Diventare madre è l’esito di un percorso di trascendenza femminile.

La trascendenza è inscritta già nel corpo delle donne dalla vita naturale.

Quando una donna rimane incinta il suo sistema immunitario cede le armi, abbassa la difesa immunitaria per evitare di aggredire l’altro da sé.

Questa capacità naturale di cui la natura dota le donne di “pensare” alla vita dell’altro prima ancora che alla propria, fa della trascendenza femminile una esperienza del tutto naturale.

Ma sempre più donne diventano dimentiche di questo compito “sacro” che la natura le assegna.
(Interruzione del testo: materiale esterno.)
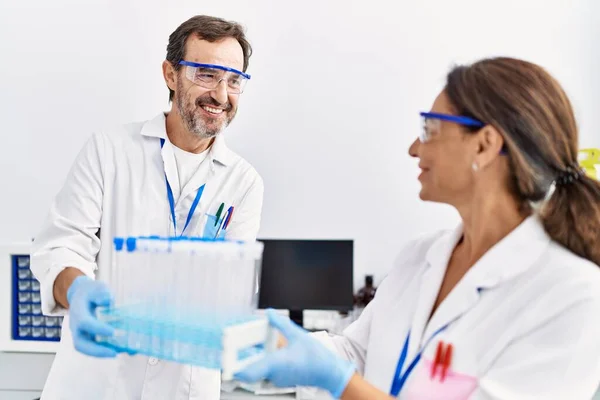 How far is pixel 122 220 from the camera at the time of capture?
177cm

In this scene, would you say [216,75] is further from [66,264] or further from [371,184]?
[371,184]

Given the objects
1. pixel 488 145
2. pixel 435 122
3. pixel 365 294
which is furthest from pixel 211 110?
pixel 365 294

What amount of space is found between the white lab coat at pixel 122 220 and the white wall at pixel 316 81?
1.46m

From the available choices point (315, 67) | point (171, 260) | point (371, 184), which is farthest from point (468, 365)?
point (315, 67)

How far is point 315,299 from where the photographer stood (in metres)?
3.14

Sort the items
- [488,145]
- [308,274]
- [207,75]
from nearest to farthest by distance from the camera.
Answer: [488,145] → [207,75] → [308,274]

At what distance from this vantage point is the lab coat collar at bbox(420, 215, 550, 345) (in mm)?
1214

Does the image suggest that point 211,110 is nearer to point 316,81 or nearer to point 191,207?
point 191,207

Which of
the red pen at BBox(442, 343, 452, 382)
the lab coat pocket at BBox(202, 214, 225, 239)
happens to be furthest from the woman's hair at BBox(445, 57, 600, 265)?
the lab coat pocket at BBox(202, 214, 225, 239)

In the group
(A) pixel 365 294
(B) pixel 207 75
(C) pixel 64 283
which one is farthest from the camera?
(A) pixel 365 294

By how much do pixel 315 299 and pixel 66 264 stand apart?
1763 mm

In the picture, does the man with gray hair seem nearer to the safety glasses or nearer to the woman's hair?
the safety glasses

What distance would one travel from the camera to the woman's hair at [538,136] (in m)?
1.18

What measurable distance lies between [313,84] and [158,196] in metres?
1.80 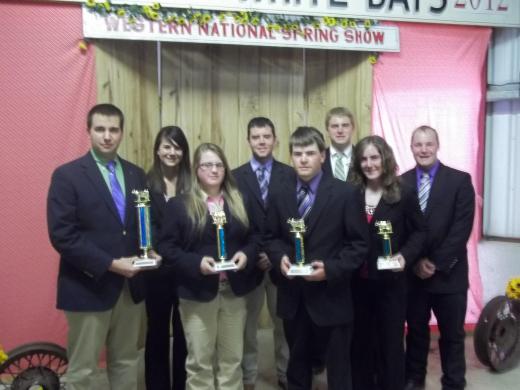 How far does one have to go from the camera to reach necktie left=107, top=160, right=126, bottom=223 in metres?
2.65

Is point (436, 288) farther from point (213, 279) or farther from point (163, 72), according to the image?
point (163, 72)

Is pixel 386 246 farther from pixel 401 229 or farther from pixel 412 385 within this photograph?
pixel 412 385

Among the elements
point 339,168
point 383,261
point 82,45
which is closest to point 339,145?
point 339,168

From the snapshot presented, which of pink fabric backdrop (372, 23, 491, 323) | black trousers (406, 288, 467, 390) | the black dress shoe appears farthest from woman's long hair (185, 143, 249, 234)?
pink fabric backdrop (372, 23, 491, 323)

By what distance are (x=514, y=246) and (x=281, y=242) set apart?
2744 millimetres

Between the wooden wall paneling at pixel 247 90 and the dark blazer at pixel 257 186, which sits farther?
the wooden wall paneling at pixel 247 90

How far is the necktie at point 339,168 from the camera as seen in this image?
3.27m

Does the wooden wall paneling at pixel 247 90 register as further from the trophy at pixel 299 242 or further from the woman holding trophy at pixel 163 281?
the trophy at pixel 299 242

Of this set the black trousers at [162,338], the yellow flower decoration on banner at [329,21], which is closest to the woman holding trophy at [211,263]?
the black trousers at [162,338]

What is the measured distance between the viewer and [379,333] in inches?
115

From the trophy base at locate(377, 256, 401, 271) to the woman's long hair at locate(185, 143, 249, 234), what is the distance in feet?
2.40

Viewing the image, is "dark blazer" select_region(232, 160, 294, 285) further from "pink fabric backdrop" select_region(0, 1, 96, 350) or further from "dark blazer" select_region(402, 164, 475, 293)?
"pink fabric backdrop" select_region(0, 1, 96, 350)

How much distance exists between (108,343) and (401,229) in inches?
68.1

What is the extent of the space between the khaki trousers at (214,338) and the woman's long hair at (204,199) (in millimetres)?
368
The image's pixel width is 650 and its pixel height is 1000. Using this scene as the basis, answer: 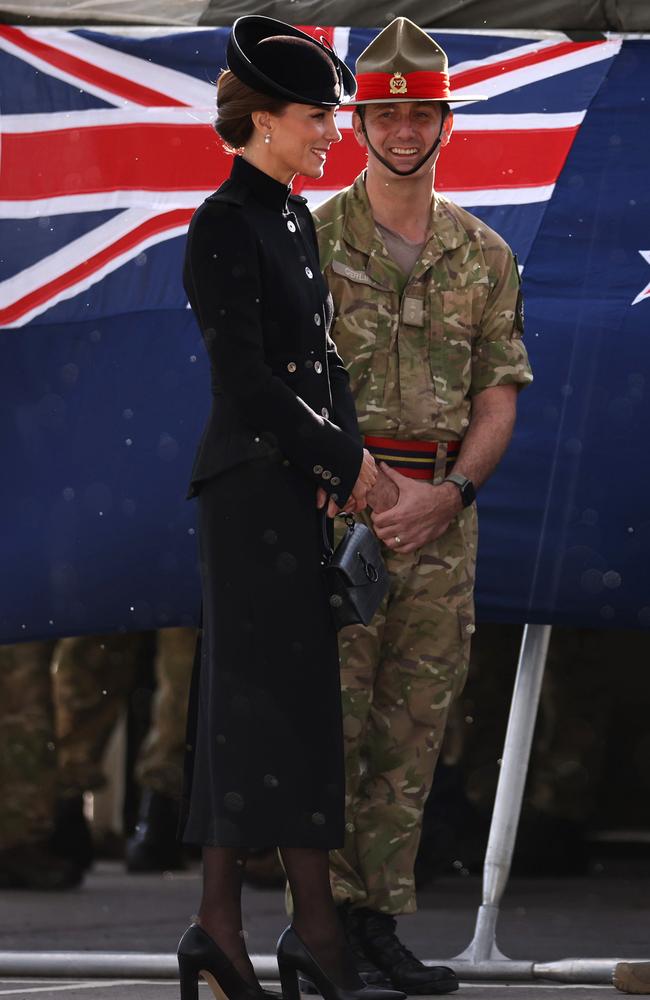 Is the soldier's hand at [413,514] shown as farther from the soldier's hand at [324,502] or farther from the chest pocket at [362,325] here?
the soldier's hand at [324,502]

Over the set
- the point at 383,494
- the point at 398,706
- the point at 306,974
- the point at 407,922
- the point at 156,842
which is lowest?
the point at 156,842

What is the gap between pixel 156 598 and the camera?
414cm

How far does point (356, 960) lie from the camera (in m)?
3.43

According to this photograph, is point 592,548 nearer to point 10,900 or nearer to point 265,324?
point 265,324

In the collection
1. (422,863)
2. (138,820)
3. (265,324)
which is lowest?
(138,820)

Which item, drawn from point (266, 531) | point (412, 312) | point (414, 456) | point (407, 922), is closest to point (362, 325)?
point (412, 312)

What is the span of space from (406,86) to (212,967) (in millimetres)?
1651

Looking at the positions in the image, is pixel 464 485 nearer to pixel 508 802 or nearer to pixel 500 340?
pixel 500 340

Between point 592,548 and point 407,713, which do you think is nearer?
point 407,713

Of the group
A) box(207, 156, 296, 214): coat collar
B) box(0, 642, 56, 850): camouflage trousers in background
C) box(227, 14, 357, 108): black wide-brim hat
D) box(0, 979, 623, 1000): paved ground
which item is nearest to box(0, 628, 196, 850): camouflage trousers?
box(0, 642, 56, 850): camouflage trousers in background

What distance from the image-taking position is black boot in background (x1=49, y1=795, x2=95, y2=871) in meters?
5.66

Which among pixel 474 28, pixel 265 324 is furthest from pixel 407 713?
pixel 474 28

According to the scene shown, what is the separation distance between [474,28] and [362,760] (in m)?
1.69

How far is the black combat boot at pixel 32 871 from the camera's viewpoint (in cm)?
534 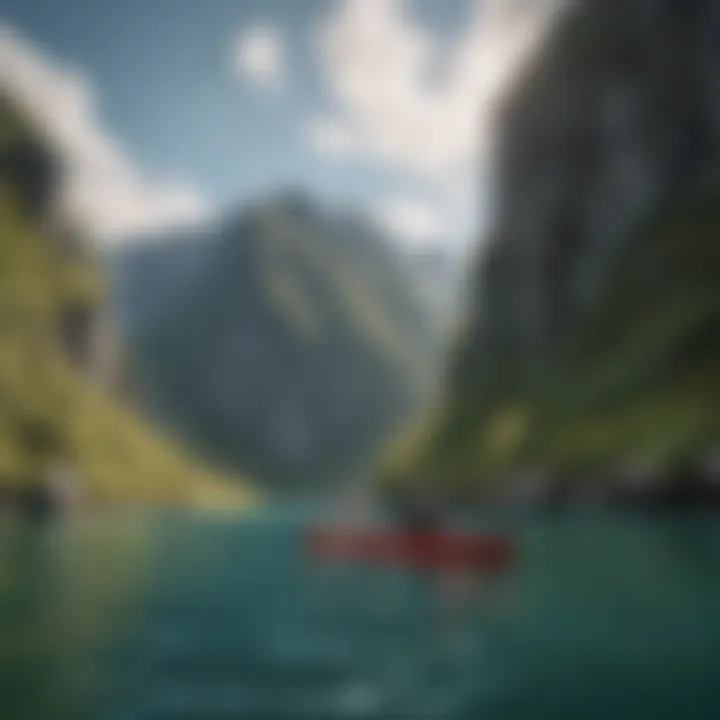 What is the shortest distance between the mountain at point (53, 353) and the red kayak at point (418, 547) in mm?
75872

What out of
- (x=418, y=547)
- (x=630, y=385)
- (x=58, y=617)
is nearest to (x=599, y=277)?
(x=630, y=385)

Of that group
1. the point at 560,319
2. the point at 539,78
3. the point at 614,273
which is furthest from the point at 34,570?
the point at 539,78

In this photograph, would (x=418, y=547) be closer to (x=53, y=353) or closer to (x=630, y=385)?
(x=630, y=385)

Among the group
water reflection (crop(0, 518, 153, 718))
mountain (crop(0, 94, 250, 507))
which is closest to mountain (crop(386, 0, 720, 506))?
mountain (crop(0, 94, 250, 507))

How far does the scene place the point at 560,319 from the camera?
6324 inches

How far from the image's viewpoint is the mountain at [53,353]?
138 meters

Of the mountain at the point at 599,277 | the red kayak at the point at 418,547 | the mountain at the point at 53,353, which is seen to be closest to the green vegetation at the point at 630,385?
the mountain at the point at 599,277

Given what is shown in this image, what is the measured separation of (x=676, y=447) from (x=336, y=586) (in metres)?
60.4

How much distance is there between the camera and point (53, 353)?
172 meters

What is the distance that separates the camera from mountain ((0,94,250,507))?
138 m

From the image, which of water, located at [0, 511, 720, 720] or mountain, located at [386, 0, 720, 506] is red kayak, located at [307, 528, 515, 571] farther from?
mountain, located at [386, 0, 720, 506]

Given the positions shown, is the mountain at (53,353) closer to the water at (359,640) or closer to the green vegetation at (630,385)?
the green vegetation at (630,385)

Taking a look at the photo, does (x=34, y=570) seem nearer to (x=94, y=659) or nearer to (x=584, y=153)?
(x=94, y=659)

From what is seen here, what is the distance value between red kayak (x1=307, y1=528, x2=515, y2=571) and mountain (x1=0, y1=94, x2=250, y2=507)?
75.9 metres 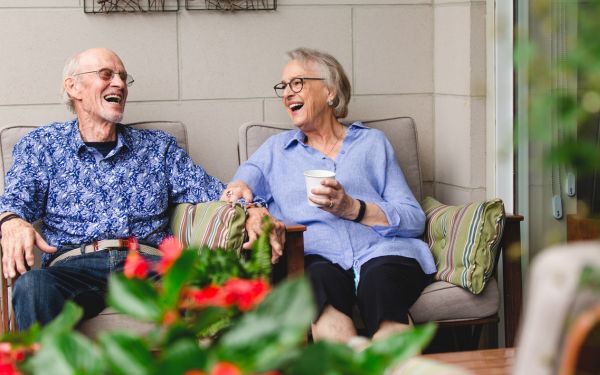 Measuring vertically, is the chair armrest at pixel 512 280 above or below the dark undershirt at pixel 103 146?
below

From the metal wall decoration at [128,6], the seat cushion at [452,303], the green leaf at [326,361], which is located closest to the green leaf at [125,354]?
the green leaf at [326,361]

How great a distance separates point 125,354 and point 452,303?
89.8 inches

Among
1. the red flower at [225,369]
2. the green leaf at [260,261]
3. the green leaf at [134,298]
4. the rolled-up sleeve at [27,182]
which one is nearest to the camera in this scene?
the red flower at [225,369]

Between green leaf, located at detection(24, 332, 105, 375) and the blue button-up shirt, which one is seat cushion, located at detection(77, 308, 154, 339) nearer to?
the blue button-up shirt

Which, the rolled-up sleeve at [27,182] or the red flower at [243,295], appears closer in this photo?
the red flower at [243,295]

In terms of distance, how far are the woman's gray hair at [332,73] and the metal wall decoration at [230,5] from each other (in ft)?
1.44

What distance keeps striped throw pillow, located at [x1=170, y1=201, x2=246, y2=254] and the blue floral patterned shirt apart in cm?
7

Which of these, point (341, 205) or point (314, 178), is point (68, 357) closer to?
point (314, 178)

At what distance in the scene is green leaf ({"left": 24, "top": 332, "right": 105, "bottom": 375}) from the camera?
2.43 ft

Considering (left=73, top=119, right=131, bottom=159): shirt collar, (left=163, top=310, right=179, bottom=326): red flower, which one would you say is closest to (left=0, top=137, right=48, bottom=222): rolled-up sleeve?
(left=73, top=119, right=131, bottom=159): shirt collar

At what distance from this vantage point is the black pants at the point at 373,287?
271cm

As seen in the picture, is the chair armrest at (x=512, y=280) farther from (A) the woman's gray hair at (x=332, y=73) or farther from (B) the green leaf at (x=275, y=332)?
(B) the green leaf at (x=275, y=332)

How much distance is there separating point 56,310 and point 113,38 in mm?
1277

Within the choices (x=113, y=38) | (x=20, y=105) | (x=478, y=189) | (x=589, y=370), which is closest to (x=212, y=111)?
(x=113, y=38) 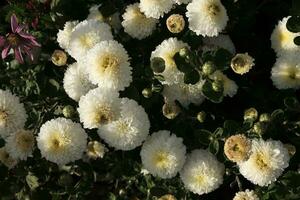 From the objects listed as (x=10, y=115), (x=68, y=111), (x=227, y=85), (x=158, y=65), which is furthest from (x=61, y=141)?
(x=227, y=85)

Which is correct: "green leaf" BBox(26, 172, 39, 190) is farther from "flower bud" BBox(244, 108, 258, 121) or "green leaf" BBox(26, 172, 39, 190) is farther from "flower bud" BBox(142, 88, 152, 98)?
"flower bud" BBox(244, 108, 258, 121)

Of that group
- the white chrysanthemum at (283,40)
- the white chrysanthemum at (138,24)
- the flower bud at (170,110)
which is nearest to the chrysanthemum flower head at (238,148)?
the flower bud at (170,110)

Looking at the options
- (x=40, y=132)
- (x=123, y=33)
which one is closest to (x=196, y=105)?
(x=123, y=33)

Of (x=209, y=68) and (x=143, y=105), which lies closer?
(x=209, y=68)

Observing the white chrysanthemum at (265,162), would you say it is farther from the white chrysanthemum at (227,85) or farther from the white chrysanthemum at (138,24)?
the white chrysanthemum at (138,24)

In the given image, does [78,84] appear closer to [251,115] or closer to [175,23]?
[175,23]

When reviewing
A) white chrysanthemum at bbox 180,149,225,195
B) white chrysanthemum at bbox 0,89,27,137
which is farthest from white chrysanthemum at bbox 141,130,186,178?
white chrysanthemum at bbox 0,89,27,137

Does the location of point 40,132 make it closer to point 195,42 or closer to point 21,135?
point 21,135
Prese da tormenti nuovi, del tutto inediti per la vita femminile, come il lavoro il successo il potere, diventano dimentiche della potenza straordinaria inscritta nel proprio corpo.

Nella loro mente, affollata da nuove imprese, non c’è posto per far posto all’altro.

La trascendenza inscritta nell’essere donna viene scalzata dalle passioni egoiche che riducono la potenza femminile.

La perdita del sacro

Le donne continuano a generare ma perdono l’accesso al mistero sacro della vita.

La vita è un mistero.

A cui solo uno sguardo contemplativo accede.

E’ questa capacità contemplativa che la modernità ha ridotto.

Come?

Attraverso l’esercizio del laicismo, dello scientismo, dello psicologismo, dello spiritualismo, di ogni forma di deterioramento dell’approccio alla realtà.

Sono alcune possibili risposte.

Ad una donna basta contemplare per vedere ciò che non si vede.

Per ascoltare ciò che un corpo dice.

Per entrare in connessione con la lingua e il pensiero della vita.

La perdita di questa connessione segnale il dominio della cultura sulla natura.

Un dominio che seduce le donne e le porta a scambiare la propria potenza naturale con il potere culturale, nelle sue molteplici forme.

Uno scambio perdente per le donne che rinunciano ad una grandezza autentica per una illusione di grandezza.

Una sorta di svendita del patrimonio aureo femminile.

Una grande perdita ……………..sul piano dell’economia della vita.

Una perdita secca che il mercato della vita ci sta segnalando.

Segnali che sta a noi cogliere facendoci largo nella foresta di segni che la realtà ci mostra.